Wednesday, February 27, 2008
A Day Late and A Day Short
Man, if I would have just made this post yesterday like I planned on. I would have won.
Stupid NPR, now everybody (everybody white, at least) knows about Stuff White People Like. And while I'm not an official White Person, I hope to be someday when I get a job at a non-profit that helps/knows what's best for poor people.
I think my favorite thing about the site is that it lets white people feel either more or less white than other white people, which are both things that white people like! You can't lose!
But deep down, the blog (do white people like blogs?) gives really good advice about how to interact with white people to make them feel good about being white, which is a very kind thing to do, really. With this help, I might even be able to pass as a white person now.
Saturday, February 02, 2008
Whatever Happens, Happens
This one time, actually it was yesterday, I had to go to the oral surgeons. I hate oral surgeons. He had to pull out two of my 3rd molars. It was not very fun. My face looks really lopsided now.
The good news was that I got to miss work yesterday. It's pretty much a toss-up whether I dislike the oral surgeons or work more. I think I dislike work more because work never gives me hydrocodone. 
But other than that, I haven't been up to much, you know. Just mostly sitting around at home and at work, eatin some pizza, learnin about Cuba. I do have a favorite new band of the moment. The National. Don't worry, it's still just regular old twenty-something semi-mopey, semi-orchestral white boy indie rock. You know me, I'm a sucker for that shit. I would say that I am a perfect member of the most predictable demographic, behind 4-7 year old kids that is. We're all semi-elitist, semi-self-aware, semi-rich insufferable bastards who think they're different than the stupid normal Americans. Which is true, I guess. We ARE all the same amount different. But at least I'm not really semi-rich anymore, so I've got that going for me, which is nice.
Friday, February 01, 2008
Thursday, January 31, 2008
If Beggars Were Choosers
Do you ever have one of those days? You know the ones that I'm talking about. The days where you sit there all day worrying about the pieces of your skull that are going to get ripped out tomorrow? Yeah, that's the kind of day I'm having.
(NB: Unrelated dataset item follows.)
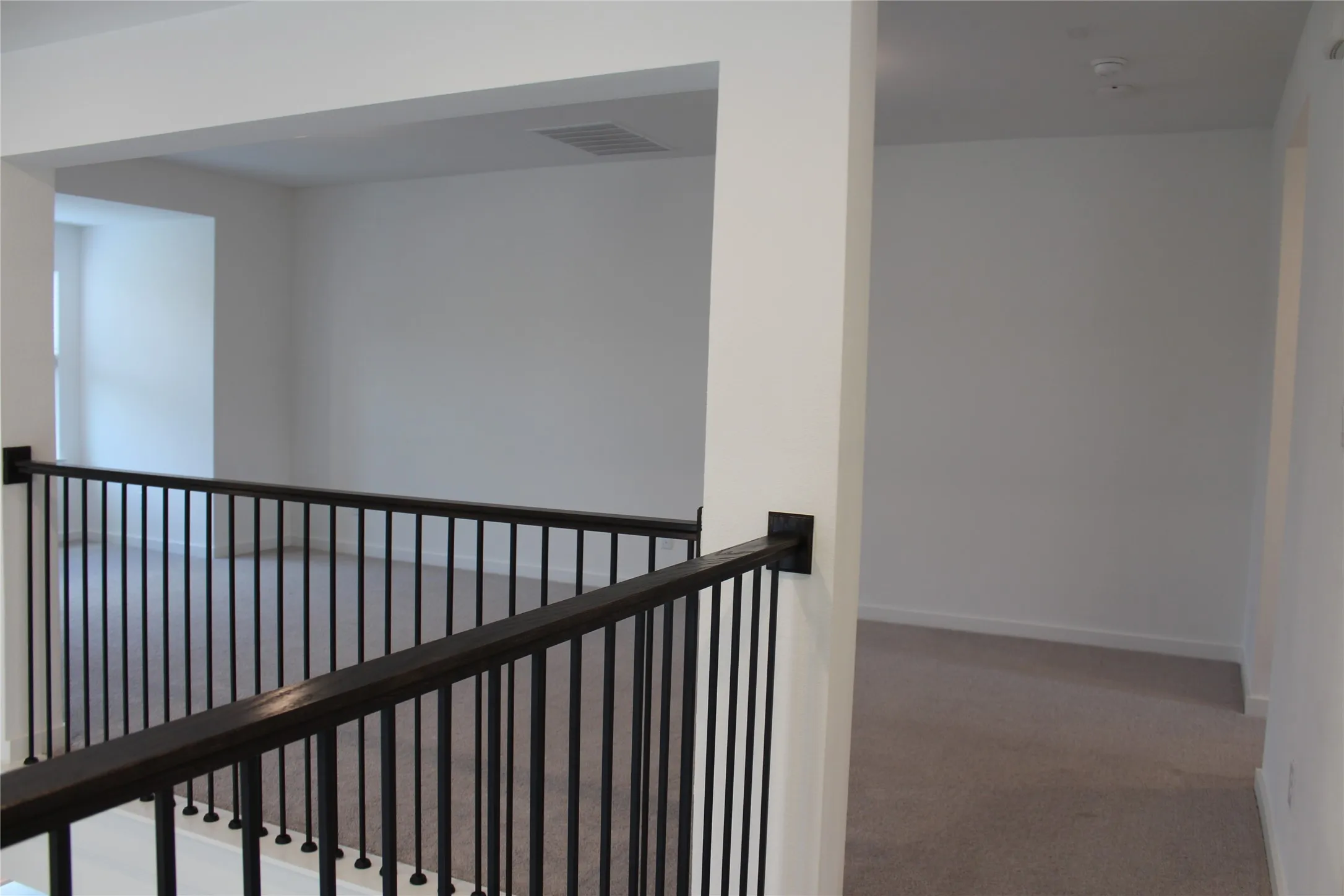 Hall with an upstairs landing and carpet floors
But on a lighter note, I started reading The Population Bomb yesterday. I'd bet a million dollars that the malthusian disaster theories that are popular now will be as far off as the massive global famines were in the 1970's. But maybe not. I don't have a million dollars anyway.
I've always wanted to try to deep-fry a turkey.
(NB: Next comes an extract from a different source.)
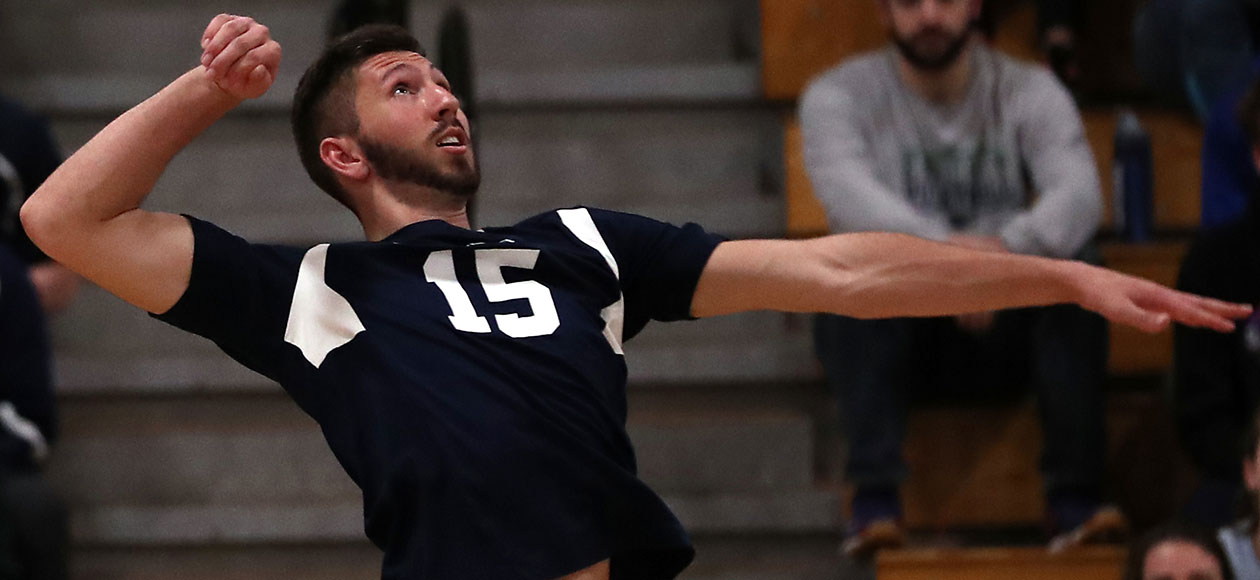Seth Braquet swings at a volleyball.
Yesterday, I ate 4 pieces of toast for dinner. It was crunchy and warm.
It's true that if you throw up at the same time you sneeze puke goes shooting out your nose. Also, you can briefly see the infinity of universes that exist in parallel, but it's not nearly as cool as it sounds.
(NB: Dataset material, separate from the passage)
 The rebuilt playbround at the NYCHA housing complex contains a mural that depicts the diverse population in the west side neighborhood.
Guess what! I get to drive to Iowa next week!
I'm getting tired. I'm forgetting why.
Bad Poetry Thursday: Just Sitting Here Resting My Bones
A Far Off Land
How many times must a man walk down the same road
Before he realizes He's been down this road before?
We've been over this ground before.
We've always been over this ground.
This time I swear it's different.
I'm breaking new ground here.
I'm going somewhere.
I'm shooting for the stars.
I'm going to make, just you wait and see.
I'm the great hope.
Watch me as I fall.
I'm breaking new ground here.
Wednesday, January 30, 2008
You'll Start a War
Maybe it's just me, but toilet paper isn't supposed to be translucent, is it?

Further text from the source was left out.